• Exercise aim: Pictures excluded, output the lines of the data below between the one holding "SharkBROSSE – Image 4" and the one holding "White Candolles Rose", inclusive, exactly as they stand.

• Records to process:
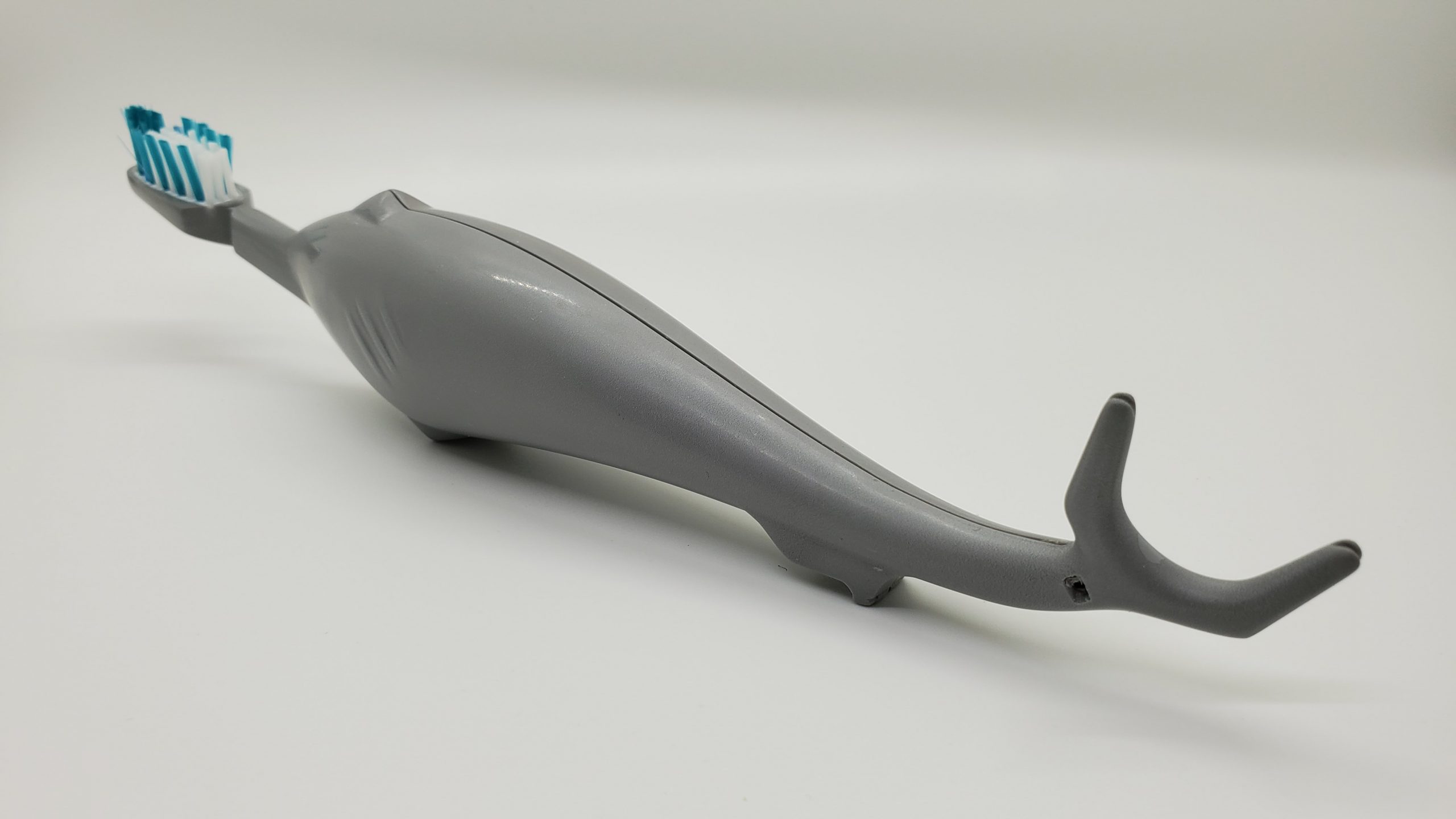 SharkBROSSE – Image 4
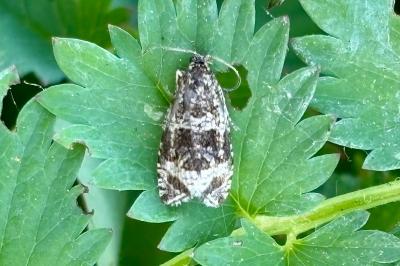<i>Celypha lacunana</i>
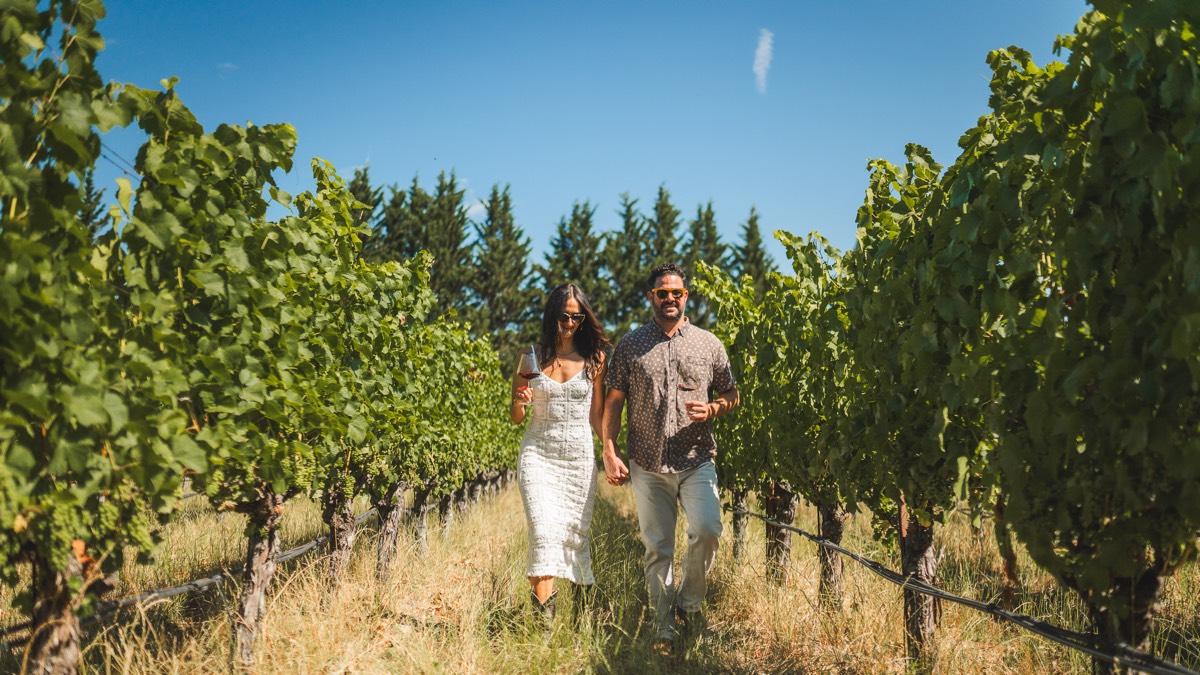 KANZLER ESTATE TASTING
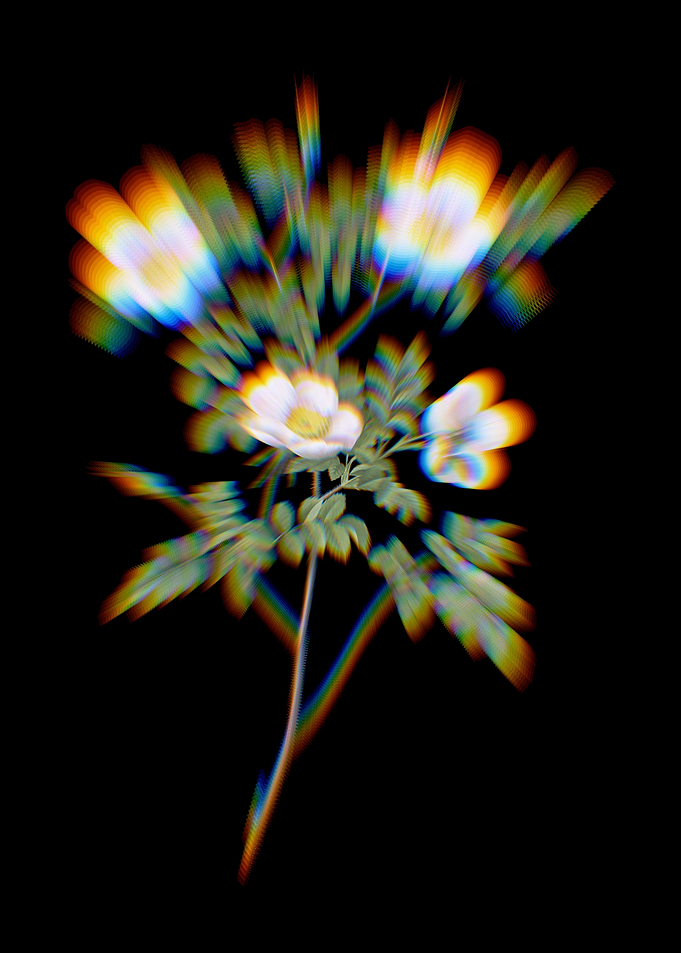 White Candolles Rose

* * *

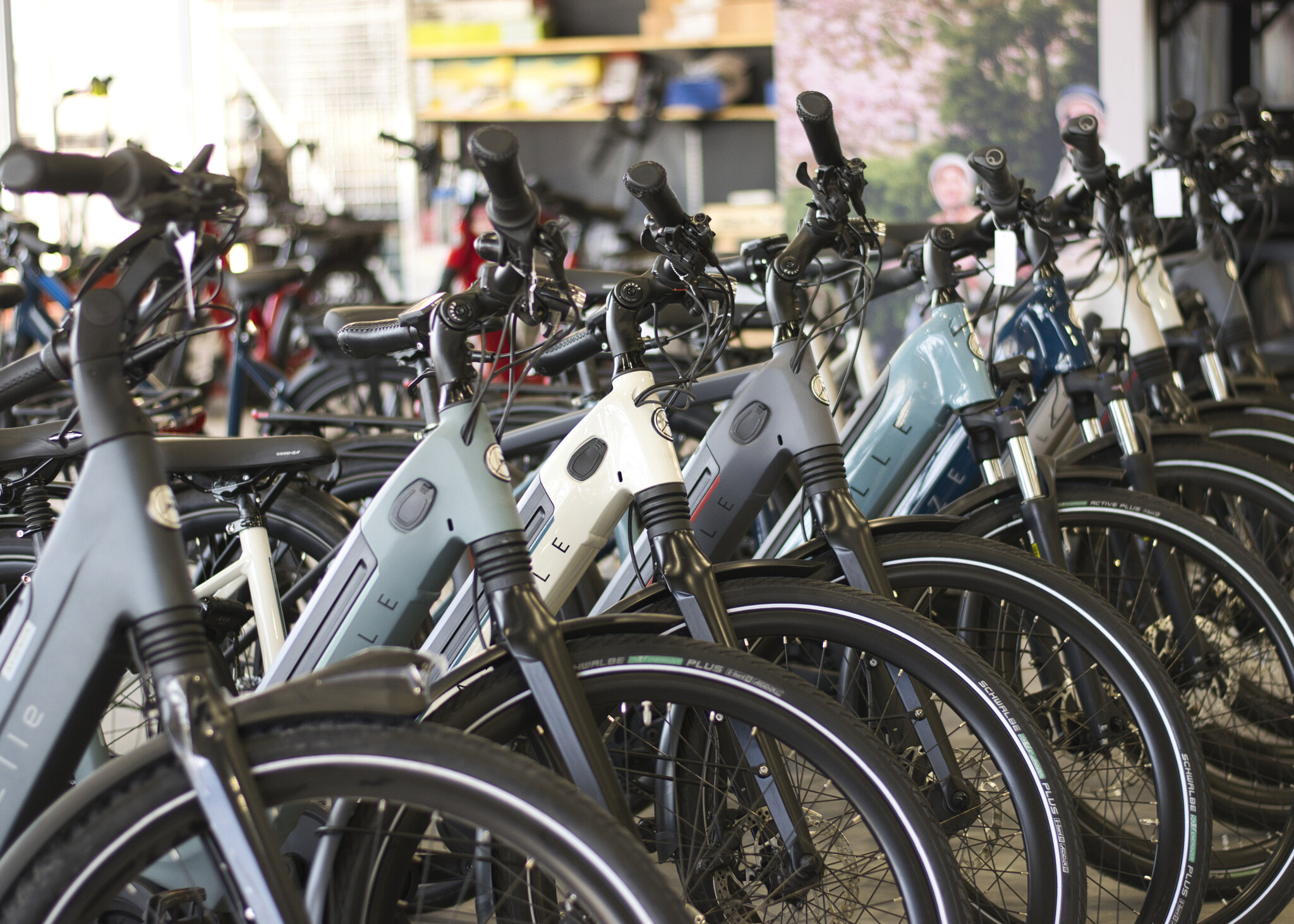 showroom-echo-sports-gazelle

• Result for this task:
 SharkBROSSE – Image 4
<i>Celypha lacunana</i>
 KANZLER ESTATE TASTING
 White Candolles Rose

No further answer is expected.